**Instructions for the task**
The task calls for the lines below from the line with "Body sans manches" to the line with "White Landscape Paper", both ends included, copied exactly, without any pictures.
---------------
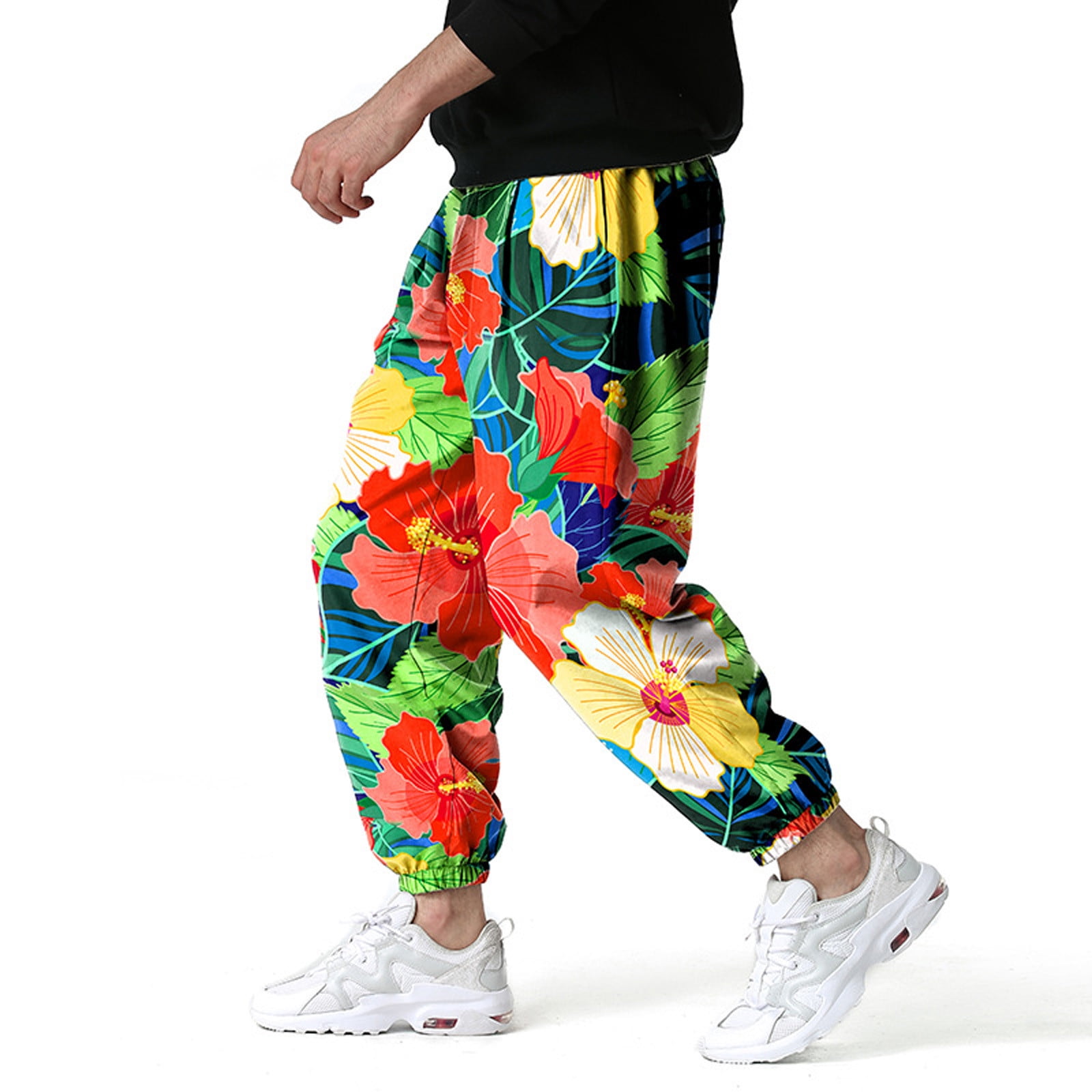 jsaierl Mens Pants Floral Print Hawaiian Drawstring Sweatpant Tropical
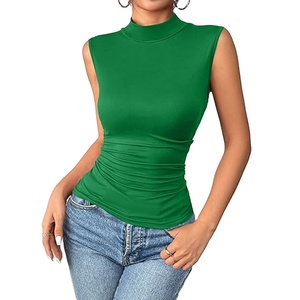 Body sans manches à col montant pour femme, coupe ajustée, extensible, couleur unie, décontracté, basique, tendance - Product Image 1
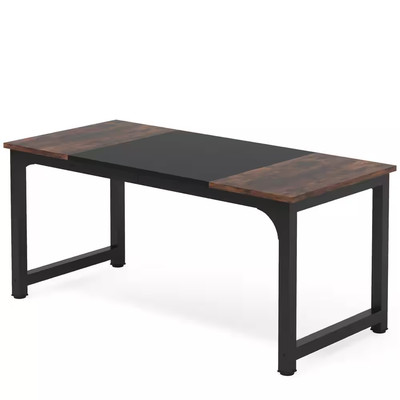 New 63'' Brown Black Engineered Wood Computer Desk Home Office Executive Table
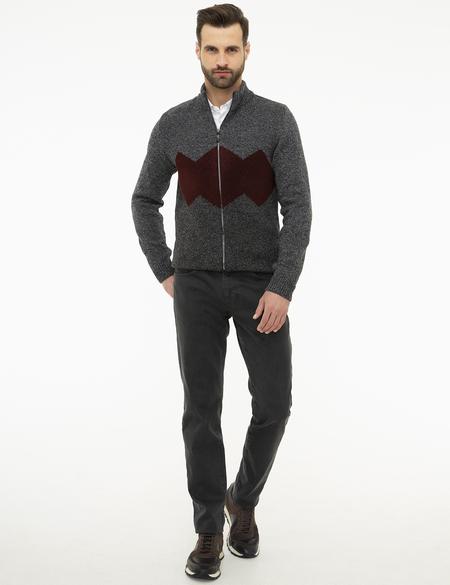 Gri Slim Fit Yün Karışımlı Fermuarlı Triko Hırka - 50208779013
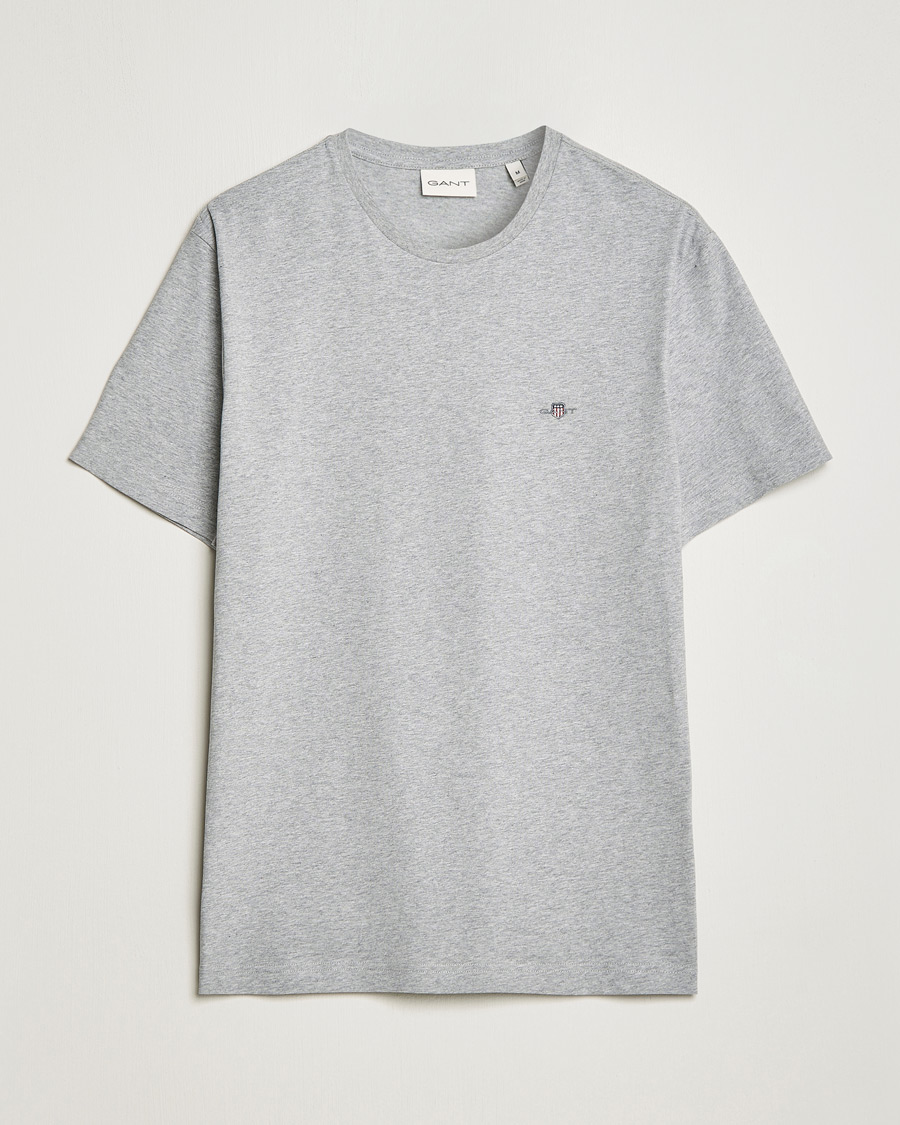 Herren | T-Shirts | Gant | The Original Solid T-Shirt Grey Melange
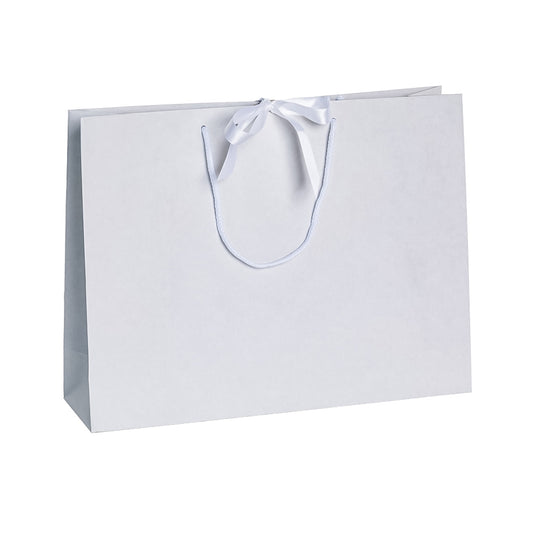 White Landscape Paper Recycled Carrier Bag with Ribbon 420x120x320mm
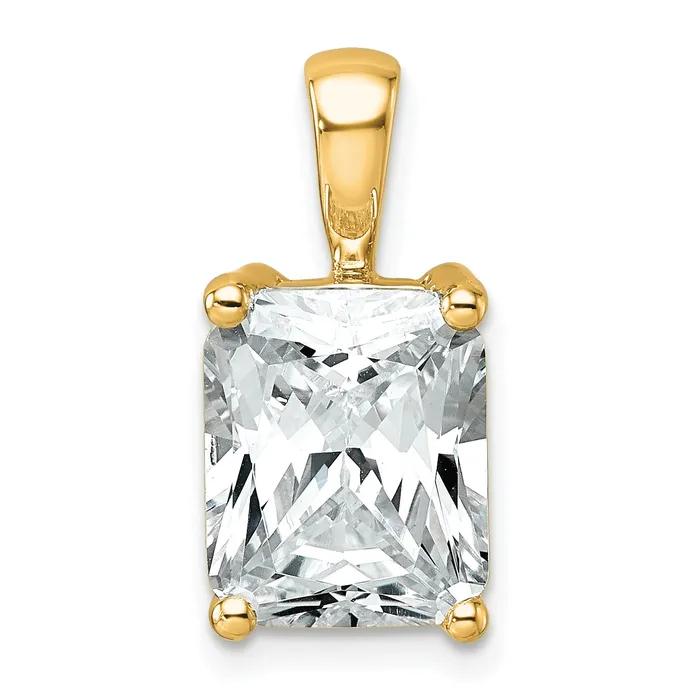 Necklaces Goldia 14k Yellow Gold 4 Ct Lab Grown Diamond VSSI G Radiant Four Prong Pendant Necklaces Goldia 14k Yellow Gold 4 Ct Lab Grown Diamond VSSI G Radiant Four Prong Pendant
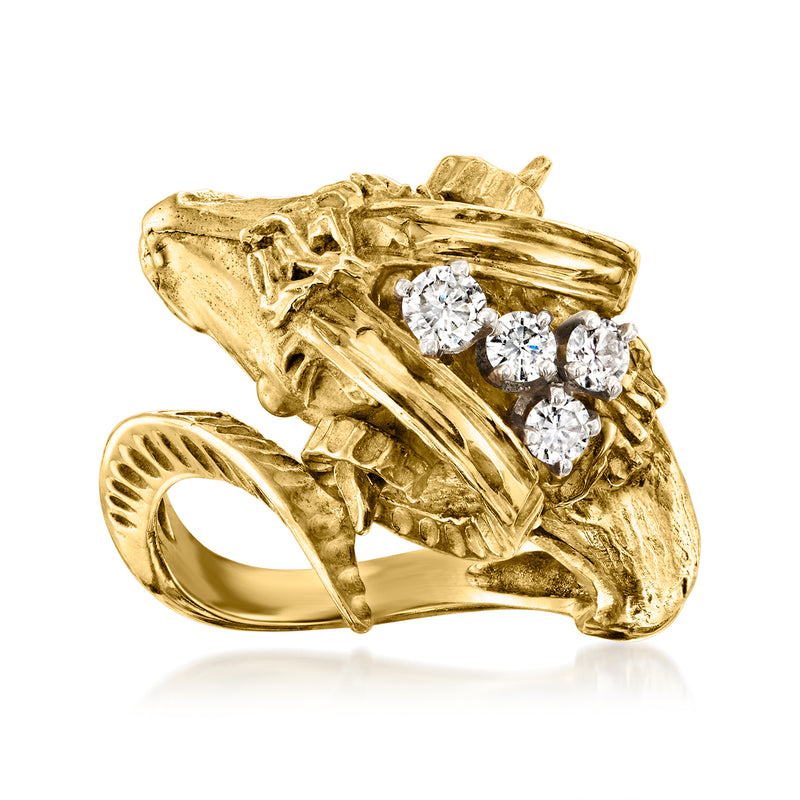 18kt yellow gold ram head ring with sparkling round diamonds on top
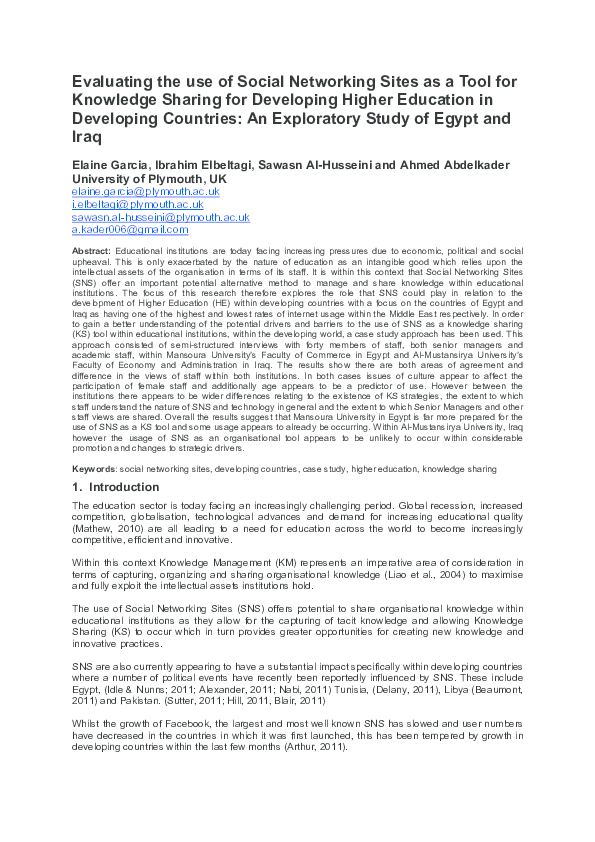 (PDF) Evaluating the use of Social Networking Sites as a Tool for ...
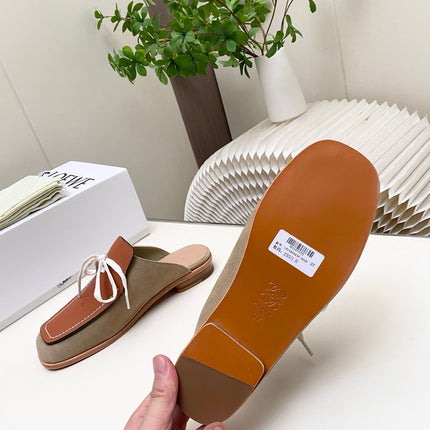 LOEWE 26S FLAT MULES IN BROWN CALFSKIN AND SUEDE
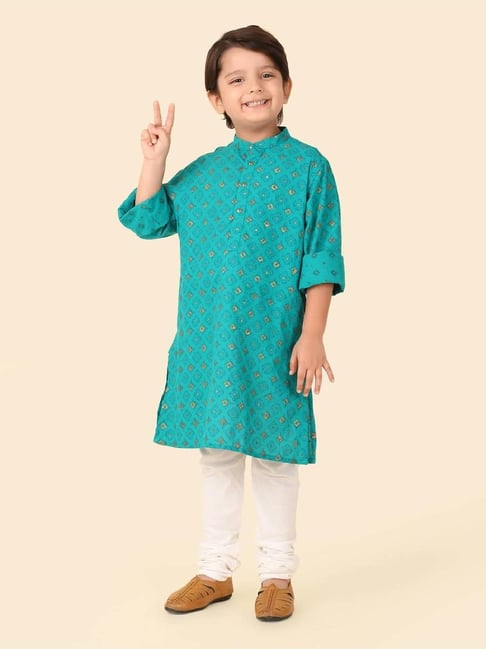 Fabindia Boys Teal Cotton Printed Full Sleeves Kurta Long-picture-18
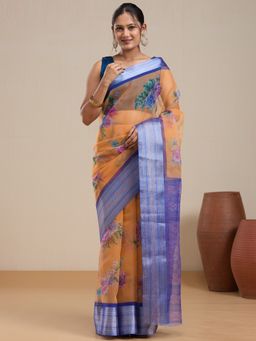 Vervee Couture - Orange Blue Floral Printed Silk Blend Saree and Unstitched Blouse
---------------
**Response to the task**
 Body sans manches à col montant pour femme, coupe ajustée, extensible, couleur unie, décontracté, basique, tendance - Product Image 1
 New 63'' Brown Black Engineered Wood Computer Desk Home Office Executive Table
 Gri Slim Fit Yün Karışımlı Fermuarlı Triko Hırka - 50208779013
 Herren | T-Shirts | Gant | The Original Solid T-Shirt Grey Melange
 White Landscape Paper Recycled Carrier Bag with Ribbon 420x120x320mm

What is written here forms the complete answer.